12Dans la mise en scène, ce silence se compose de regards discrets, de gestes et d’omissions ; une configuration complexe de silences prolongés construit l’ambiance où se déroule l’histoire. Nous croyons que cet élément joue un rôle important dans l’accroche du public lors de la période 2008-2013, en développant un élément d’identification implicite. Ce silence renvoie à des milliers de familles chiliennes effrayées qui, tout comme les personnages au début de Los 80, ont pris le parti de se taire face aux abus et à la terreur de la dictature dans leurs vies quotidiennes20.
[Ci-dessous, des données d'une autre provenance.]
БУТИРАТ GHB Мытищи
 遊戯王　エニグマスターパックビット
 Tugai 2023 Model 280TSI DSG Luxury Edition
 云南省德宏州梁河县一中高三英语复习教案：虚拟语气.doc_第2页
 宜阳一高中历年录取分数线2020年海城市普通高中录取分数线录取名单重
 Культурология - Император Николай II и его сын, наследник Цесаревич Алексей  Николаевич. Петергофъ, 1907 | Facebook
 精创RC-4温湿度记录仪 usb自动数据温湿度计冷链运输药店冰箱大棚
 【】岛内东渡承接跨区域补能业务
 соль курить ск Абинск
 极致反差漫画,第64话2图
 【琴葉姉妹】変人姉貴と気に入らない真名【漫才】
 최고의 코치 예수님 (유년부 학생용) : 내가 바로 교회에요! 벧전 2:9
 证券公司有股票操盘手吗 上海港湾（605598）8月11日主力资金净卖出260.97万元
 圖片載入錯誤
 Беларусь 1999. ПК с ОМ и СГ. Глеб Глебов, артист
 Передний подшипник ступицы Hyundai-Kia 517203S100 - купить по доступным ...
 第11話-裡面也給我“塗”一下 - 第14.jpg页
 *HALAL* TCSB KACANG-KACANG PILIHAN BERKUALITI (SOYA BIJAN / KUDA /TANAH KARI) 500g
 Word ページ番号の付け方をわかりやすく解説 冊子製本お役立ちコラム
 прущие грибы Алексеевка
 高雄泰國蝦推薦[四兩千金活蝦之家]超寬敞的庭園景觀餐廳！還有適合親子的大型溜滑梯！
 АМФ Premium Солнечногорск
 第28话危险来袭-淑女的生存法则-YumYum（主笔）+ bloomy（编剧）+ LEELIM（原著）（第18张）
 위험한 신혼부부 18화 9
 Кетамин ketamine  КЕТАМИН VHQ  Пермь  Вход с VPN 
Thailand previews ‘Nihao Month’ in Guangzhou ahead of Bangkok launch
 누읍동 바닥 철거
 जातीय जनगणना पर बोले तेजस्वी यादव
Processus d’identification : personnages et univers fictionnels

13L’identification au niveau émotionnel, évoquée par un paysage de nostalgie et de silence, est renforcée à travers la construction des personnages : leurs valeurs morales, leurs caractères et leurs rapports sociaux21. Dans Los 80, les parents de la famille Herrera, Ana et Juan (interprétés par Tamara Acosta et Daniel Muñoz respectivement) ont un profil clairement défini : elle, une mère dévouée, croyante et conservatrice ; lui, un père travailleur. Ce sont des personnes moralement irréprochables dont les valeurs suscitent de l’empathie chez le spectateur. Juan est austère, correct et honnête :

« Étudiez, les enfants, éduquez-vous, mais aucun professeur, aucun officier ne vous apprendra ce qui est bien, ce qui est correct, parce que ça, vous l’avez appris dans cette maison, dans cette famille22. »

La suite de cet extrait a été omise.